There are lots of pikeminnows immediately below the dams, but sport reward anglers are not allowed on the dams due to the obvious security concerns, said Eric Winther, northern pikeminnow program manager for the Washington Department of Fish and Wildlife.
The dam anglers get after those fish. In the early 1990s, tribal fishermen worked the dams for four or five years. Then, about a decade ago, the U.S. Department of Agriculture took over.
Three years ago, dam angling became part of the state-federal pikeminnow program, which is financed by the Bonneville Power Administration.
In 2011, the dam anglers caught about 4,526 pikeminnows, with 1,204 coming from The Dalles Dam and 3,322 from John Day.
Winther said the fishing is better early in the season at The Dalles and best late at John Day.
Catching pikeminnows at the dam is not like trout in a hatchery.
“You have to be in touch with the bottom,” Winther said. “It takes time to get the hang of it.”
Not just pikeminnows are caught.
“There are a fair amount of smallmouth and walleye, plus a few channel catfish,” Winther said. “Sometimes, we’ll hook a sturgeon.
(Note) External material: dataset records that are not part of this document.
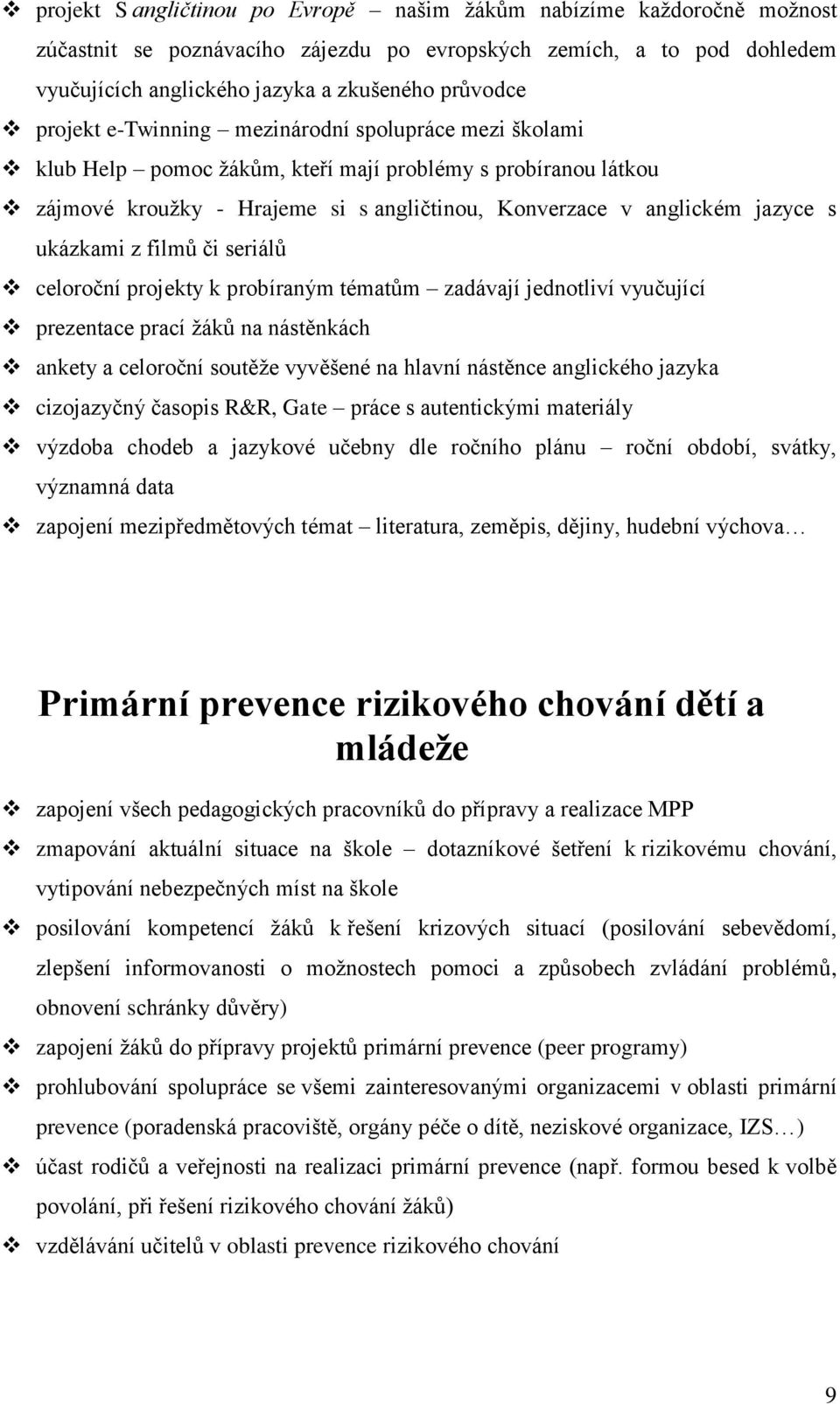 ukázkami z filmů či seriálů celoroční projekty k probíraným tématům zadávají jednotliví vyučující prezentace prací žáků na nástěnkách ankety a celoroční soutěže vyvěšené na hlavní nástěnce anglického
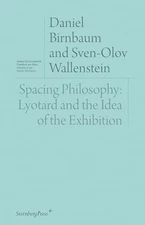 Spacing Philosophy: Lyotard and ... by Sven-Olov Wallenstei Paperback / softback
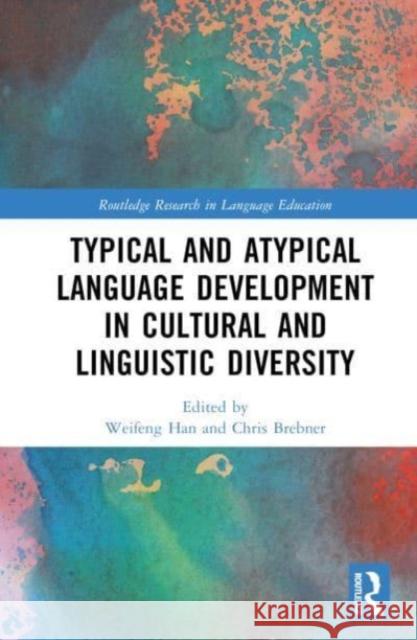 Typical and Atypical Language Development in Cultural and Linguistic Diversity  9781032169675 Taylor & Francis Ltd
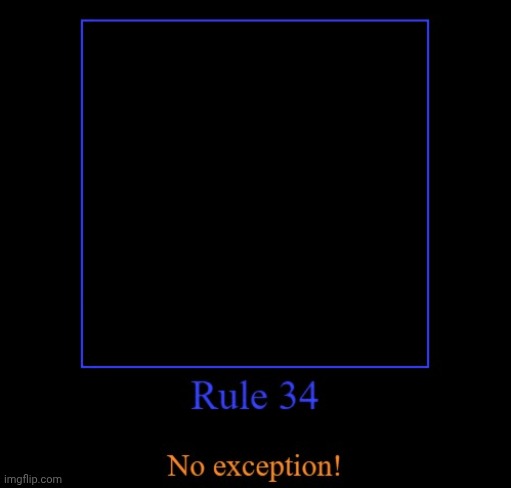 Rule 34 NO EXCEPTION | image tagged in rule 34 no exception | made w/ Imgflip meme maker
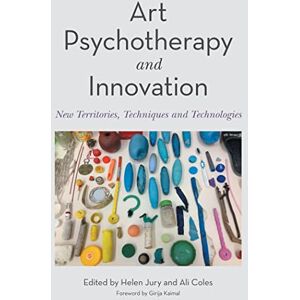 Creative Labs Art Psychotherapy and Innovation: New Territories, Techniques and Technologies Creative Labs Art Psychotherapy and Innovation: New Territories, Techniques and Technologies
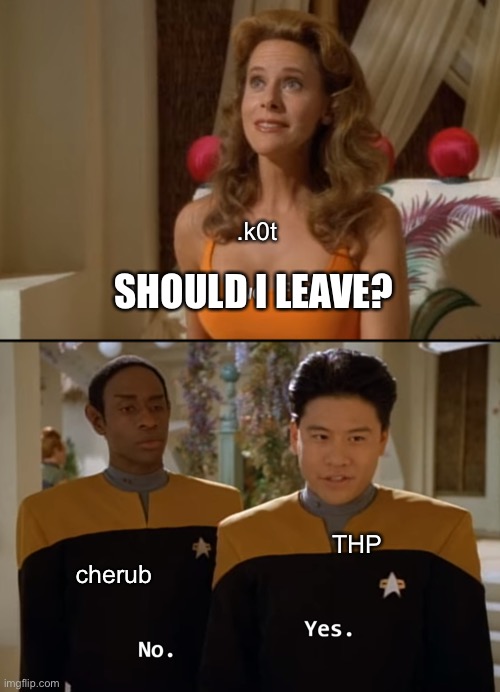 Are you friends? | .k0t; SHOULD I LEAVE? THP; cherub | image tagged in are you friends | made w/ Imgflip meme maker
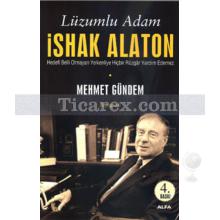 İshak Alaton | Lüzumlu Adam | Mehmet Gündem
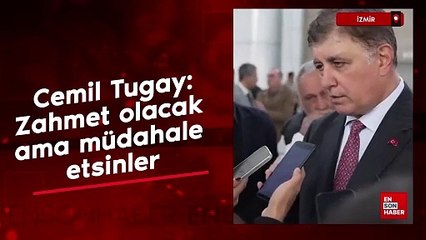 Cemil Tugay'dan İzmir Körfezi açıklaması: Zahmet olacak ama müdahale etsinler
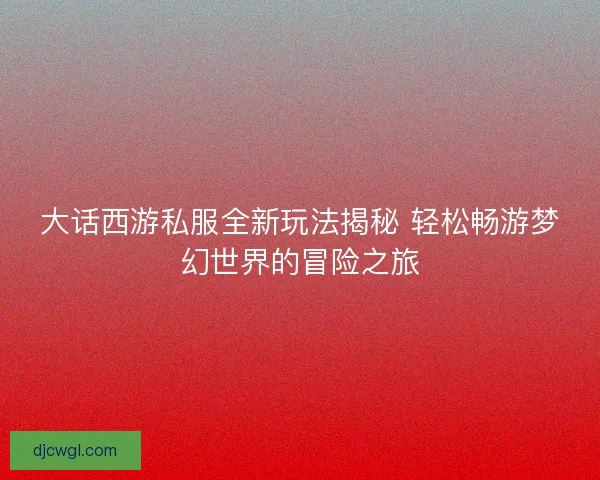 大话西游私服全新玩法揭秘 轻松畅游梦幻世界的冒险之旅 大话西游私服全新玩法揭秘 轻松畅游梦幻世界的冒险之旅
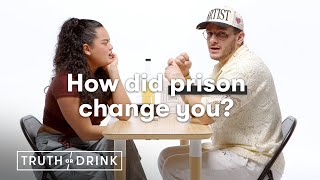 My Formerly Incarcerated Partner | Truth or Drink | Cut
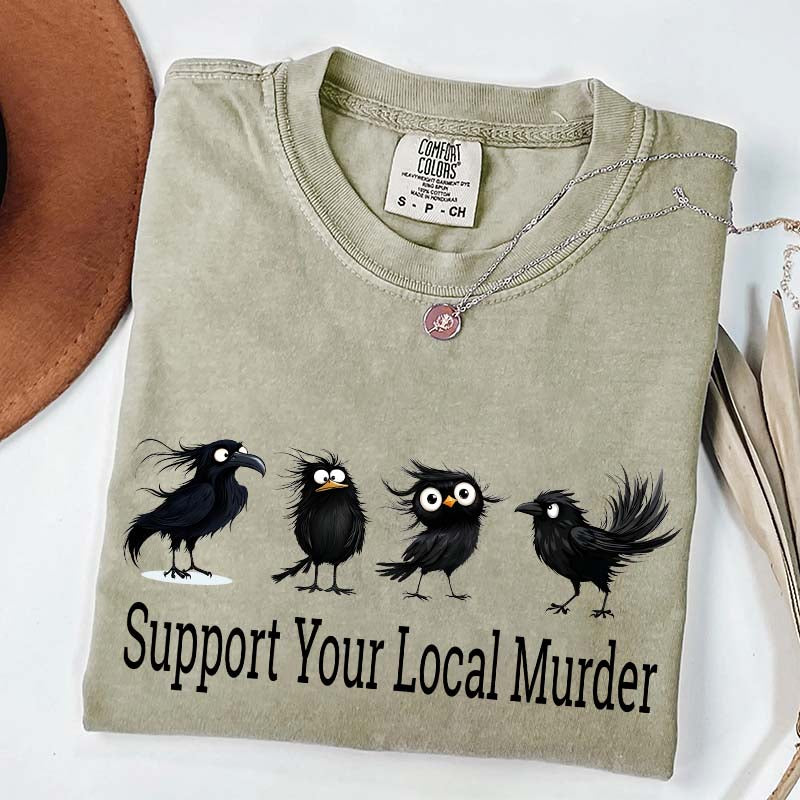 Support Your Local Murder Raven Lover T-Shirt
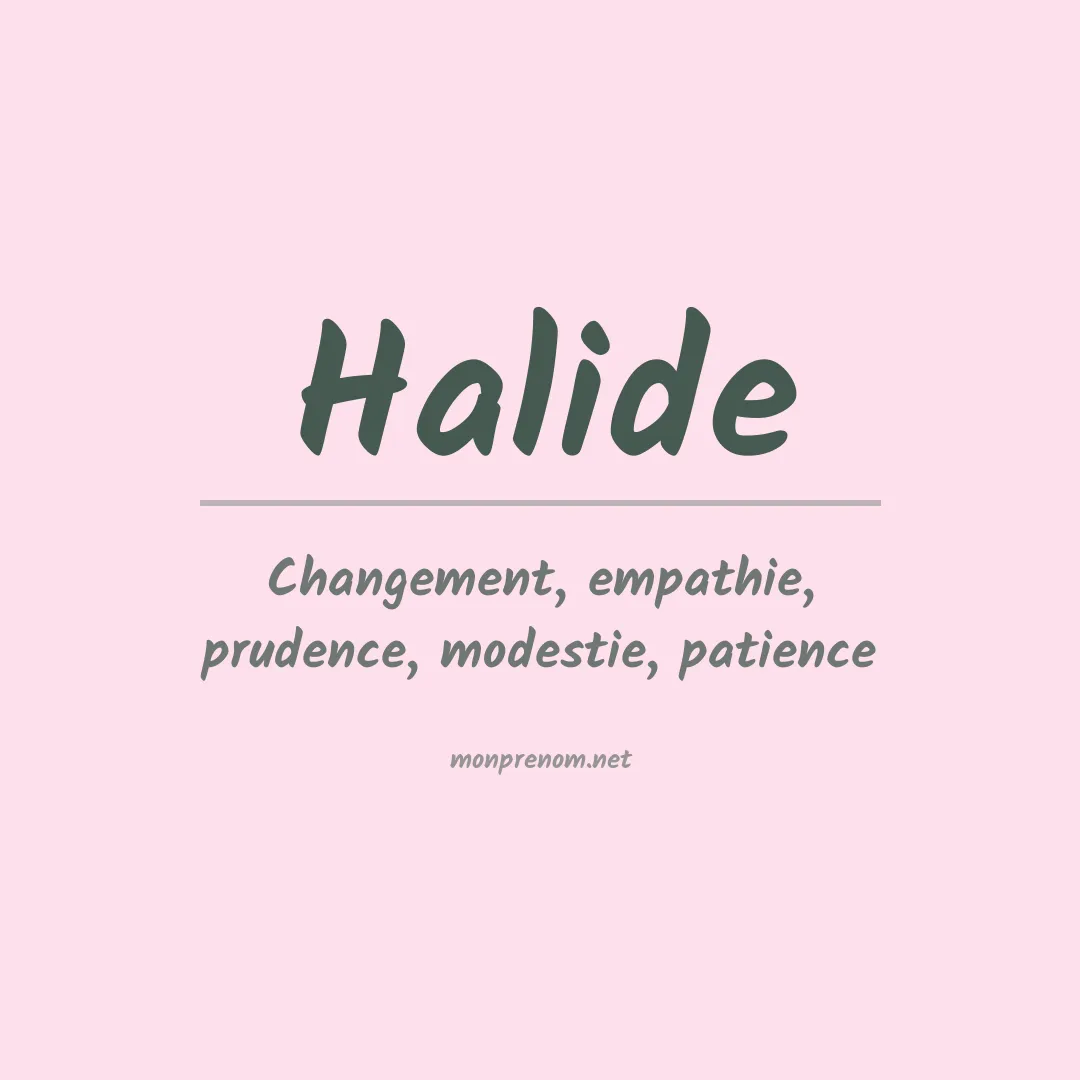 Signification du prénom Halide
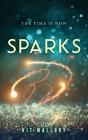 Sparks By Kit Mallory Cover Image
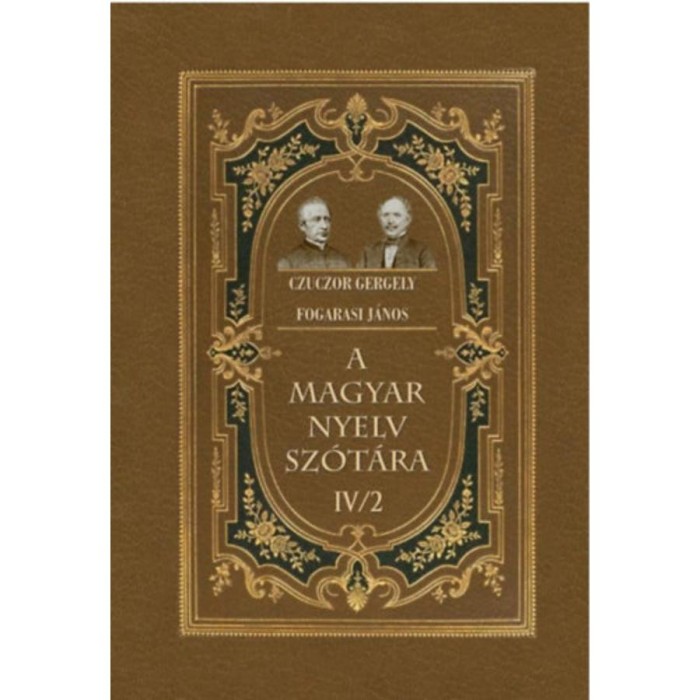 A magyar nyelv sz&oacute;t&aacute;ra IV/2 - Fogarasi J&aacute;nos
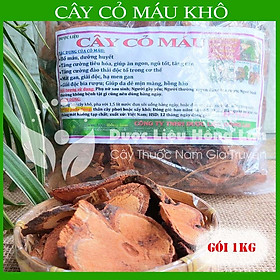 Cây Cỏ Máu khô sạch đóng gói 1kg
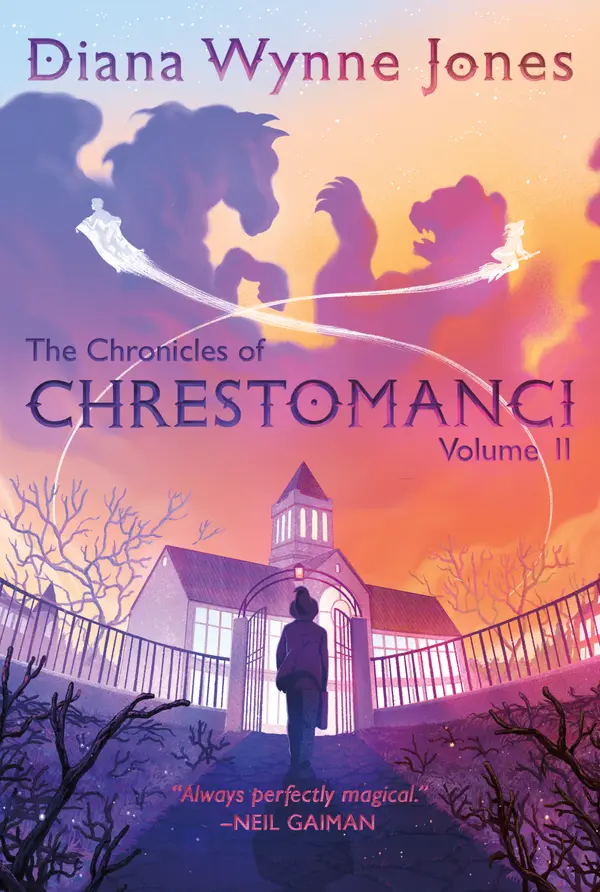 The Chronicles of Chrestomanci, Vol. II by Diana Wynne Jones cover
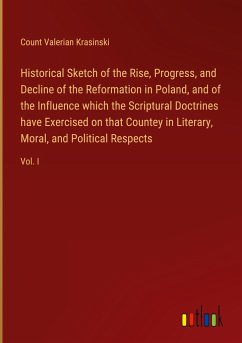 Historical Sketch of the Rise, Progress, and Decline of the Reformation in Poland, and of the Influence which the Scriptural Doctrines have Exercised on that Countey in Literary, Moral, and Political Respects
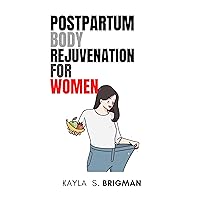 Postpartum Body Rejuvenation For Women: The Easiest and Fastest Way to Getting Your Body Back After Pregnancy Postpartum Body Rejuvenation For Women: The Easiest and Fastest Way to Getting Your Body Back After Pregnancy Kindle Paperback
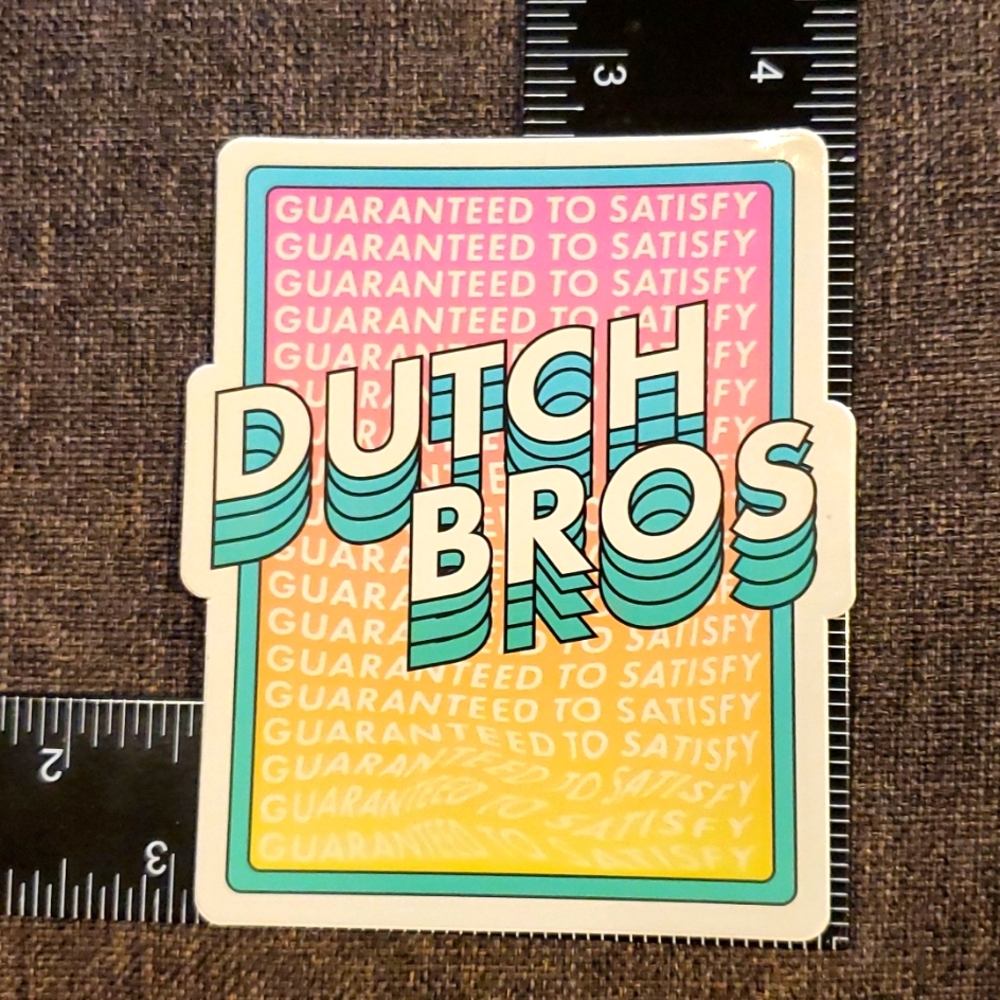 Guaranteed to Satisfy Dutch Bros sticker stickers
A salmon or steelhead is pretty rare.”
Farris said the sturgeon are no fun.
“You’ll hook into a 30- to 32-inch sturgeon,” he said. “They are not quite big enough to break off. You fight them and they wear you out.”
Winther said the Gitzit tubes have proven to be the crew’s most effective lures.
“We haven’t found anything better and don’t want a bycatch of sturgeon or salmon that you would get with bait,” he said.
Pearl, shad and rainbow trout were the most productive colors on Aug. 16, but dark smoke hologram and black copper glitter have been the top producers by far during the past three seasons.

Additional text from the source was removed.